Las perspectivas no son favorables. Es probable que el paro deje de crecer, pero también es improbable que inicie una rápida e intensa caída. Su mantenimiento en niveles elevados, junto a un número creciente de familias en las que nadie trabaja (más de 1,3 millones) o la expiración del subsidio de desempleo son elementos que seguirán influyendo en las decisiones de gasto y en las expectativas empresariales. Es conveniente recordar que la creación neta de empleo en la economía española requiere tasas de crecimiento del PIB en torno al 2%. Con la información disponible se sabe que esos ritmos están todavía lejos.
El mercado de trabajo es un fiel reflejo, en primer lugar, de la debilidad de la actividad económica. El colapso de la construcción y su impacto en sectores con la demanda derivada de aquel, dominante durante más de una década, es responsable del mayor contingente de parados. Ese excepcional desempleo es también tributario de la muy pronunciada y prolongada contracción en el crédito al sector privado, en especial a las pequeñas y medianas empresas, principales responsables de la creación de empleo.
Considerar que la causa única o fundamental del enorme desempleo español (que duplica la media europea) es una organización del mercado de trabajo mucho más rígida que la de nuestros socios es una presunción que no dispone de respaldo empírico suficiente. La flexibilidad del despido o la de la fijación de salarios, por citar dos aspectos básicos de esas normas, no son mucho mayores en las economías europeas más avanzadas que en España. Sin ir muy lejos, el País Vasco, por ejemplo, dispone de una regulación laboral no muy distinta a la del conjunto de España, pero su tasa de paro es la mitad de la media. La explicación de las diferencias hay que localizarlas en lo que las empresas producen, cómo lo hacen y cómo compiten en los mercados. Y, no menos importante, en la calidad de la propia gestión empresarial y la de la formación profesional de los que trabajan.
La mayoría de las empresas saludarían un mercado de trabajo menos y mejor regulado. Pero constituye un error, generador de falsas esperanzas, hacer de su desregulación el elemento central de la recuperación del empleo y un fundamento de la modernización de la economía española. Tampoco van a ser la panacea las medidas encaminadas a aflorar la actividad económica sumergida que acaba de aprobar el Gobierno.

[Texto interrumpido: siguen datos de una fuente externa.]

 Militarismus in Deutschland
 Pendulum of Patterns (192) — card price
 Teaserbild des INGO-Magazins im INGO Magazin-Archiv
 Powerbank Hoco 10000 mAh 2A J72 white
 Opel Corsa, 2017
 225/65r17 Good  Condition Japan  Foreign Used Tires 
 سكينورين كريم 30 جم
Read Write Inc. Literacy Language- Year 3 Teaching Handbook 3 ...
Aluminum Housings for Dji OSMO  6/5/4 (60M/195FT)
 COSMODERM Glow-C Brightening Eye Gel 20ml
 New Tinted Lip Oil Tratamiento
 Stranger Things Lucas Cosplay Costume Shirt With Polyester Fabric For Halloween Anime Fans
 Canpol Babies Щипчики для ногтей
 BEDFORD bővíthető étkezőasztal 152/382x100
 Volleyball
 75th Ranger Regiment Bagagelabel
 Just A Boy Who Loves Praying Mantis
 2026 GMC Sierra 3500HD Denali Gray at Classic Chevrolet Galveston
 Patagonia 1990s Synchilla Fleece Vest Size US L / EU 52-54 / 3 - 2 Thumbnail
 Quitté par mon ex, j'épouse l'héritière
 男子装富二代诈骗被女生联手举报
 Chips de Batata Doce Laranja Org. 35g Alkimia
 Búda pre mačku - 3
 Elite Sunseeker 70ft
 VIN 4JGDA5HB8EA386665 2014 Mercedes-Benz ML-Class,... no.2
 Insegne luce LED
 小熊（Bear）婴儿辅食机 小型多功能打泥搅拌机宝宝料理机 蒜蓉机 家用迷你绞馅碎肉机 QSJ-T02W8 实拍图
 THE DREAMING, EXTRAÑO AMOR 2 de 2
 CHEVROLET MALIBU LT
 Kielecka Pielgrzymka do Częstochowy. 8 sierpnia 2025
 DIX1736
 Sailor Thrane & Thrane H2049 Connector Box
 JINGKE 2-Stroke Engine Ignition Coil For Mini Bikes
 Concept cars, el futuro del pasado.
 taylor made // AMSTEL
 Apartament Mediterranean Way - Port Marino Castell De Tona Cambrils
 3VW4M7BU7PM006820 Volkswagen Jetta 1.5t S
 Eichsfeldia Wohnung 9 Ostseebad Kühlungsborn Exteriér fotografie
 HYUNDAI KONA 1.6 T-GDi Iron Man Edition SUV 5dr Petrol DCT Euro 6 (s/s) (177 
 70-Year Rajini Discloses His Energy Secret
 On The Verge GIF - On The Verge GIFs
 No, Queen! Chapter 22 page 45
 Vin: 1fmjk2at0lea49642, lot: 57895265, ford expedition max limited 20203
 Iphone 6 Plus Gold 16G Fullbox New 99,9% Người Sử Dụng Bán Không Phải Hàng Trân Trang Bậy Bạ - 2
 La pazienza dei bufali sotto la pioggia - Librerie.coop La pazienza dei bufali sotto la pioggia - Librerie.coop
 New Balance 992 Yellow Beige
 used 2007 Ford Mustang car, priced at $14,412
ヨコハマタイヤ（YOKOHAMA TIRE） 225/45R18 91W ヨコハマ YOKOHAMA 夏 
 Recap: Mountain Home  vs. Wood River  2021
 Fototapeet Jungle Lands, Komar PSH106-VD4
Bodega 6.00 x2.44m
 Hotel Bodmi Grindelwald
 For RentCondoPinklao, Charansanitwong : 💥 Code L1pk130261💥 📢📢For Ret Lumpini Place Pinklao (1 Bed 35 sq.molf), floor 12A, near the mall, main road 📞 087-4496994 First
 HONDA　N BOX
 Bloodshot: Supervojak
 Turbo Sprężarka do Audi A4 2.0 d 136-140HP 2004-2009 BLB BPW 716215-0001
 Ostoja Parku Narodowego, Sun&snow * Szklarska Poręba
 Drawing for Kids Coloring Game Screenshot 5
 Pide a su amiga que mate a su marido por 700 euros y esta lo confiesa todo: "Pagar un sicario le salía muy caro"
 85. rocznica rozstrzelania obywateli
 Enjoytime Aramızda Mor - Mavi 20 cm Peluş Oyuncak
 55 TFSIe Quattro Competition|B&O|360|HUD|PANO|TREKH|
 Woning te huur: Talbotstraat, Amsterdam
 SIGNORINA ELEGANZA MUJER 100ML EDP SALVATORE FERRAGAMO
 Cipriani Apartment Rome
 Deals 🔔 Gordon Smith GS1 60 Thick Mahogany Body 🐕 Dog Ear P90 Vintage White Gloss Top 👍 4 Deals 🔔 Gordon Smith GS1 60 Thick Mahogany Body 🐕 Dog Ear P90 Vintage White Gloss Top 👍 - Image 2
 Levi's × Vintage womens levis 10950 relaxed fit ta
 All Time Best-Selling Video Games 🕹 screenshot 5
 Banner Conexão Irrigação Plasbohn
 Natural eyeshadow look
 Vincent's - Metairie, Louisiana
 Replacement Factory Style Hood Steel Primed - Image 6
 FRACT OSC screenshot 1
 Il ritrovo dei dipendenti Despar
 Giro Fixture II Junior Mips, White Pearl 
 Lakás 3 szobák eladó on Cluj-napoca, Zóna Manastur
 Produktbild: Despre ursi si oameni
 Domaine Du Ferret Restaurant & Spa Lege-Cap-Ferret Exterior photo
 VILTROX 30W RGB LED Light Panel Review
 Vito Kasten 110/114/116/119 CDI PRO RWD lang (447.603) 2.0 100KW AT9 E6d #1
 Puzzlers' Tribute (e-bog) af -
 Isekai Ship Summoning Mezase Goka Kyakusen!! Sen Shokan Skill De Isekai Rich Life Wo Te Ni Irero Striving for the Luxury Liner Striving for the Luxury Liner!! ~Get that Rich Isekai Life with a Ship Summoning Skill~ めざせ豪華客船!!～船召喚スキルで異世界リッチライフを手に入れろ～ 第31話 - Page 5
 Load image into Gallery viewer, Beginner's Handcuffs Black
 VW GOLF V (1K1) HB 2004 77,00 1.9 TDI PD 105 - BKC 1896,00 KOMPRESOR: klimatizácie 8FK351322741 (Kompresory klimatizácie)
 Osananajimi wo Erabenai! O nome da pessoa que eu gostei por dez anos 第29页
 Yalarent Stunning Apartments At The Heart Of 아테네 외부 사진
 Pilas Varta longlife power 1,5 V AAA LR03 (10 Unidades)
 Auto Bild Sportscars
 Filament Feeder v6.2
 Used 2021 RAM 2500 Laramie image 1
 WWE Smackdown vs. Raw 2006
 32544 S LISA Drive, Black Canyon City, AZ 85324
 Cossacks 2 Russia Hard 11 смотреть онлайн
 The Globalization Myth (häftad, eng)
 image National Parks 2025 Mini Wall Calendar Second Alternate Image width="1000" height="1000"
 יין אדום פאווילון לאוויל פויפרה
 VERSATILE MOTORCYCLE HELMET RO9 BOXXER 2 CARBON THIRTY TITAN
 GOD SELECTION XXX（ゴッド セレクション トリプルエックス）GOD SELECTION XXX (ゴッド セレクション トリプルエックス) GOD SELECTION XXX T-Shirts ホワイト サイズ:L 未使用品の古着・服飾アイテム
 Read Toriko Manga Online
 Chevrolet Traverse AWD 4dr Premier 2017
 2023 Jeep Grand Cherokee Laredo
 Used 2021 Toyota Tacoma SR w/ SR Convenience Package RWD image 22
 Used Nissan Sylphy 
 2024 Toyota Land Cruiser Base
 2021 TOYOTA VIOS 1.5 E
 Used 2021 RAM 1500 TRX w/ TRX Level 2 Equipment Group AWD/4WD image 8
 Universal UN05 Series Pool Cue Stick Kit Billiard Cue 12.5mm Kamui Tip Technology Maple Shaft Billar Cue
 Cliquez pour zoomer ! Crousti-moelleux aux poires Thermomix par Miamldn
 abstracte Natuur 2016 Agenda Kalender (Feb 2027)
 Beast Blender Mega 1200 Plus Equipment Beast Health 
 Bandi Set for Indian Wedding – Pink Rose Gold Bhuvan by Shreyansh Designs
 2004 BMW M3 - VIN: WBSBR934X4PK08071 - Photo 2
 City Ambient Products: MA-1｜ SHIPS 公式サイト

Lo que se necesita es inversión que facilite la transición a sectores menos vulnerables y permita el nacimiento de más empresas de las que desaparecen. Para ello ha de haber crédito. Aprovechar la demanda exterior exige, entre otras cosas, una mínima capacidad de financiación de la que no dispone hoy la empresa media española. Sin ello no habrá crecimiento. Y sin crecimiento no se genera empleo y es difícil pagar las deudas.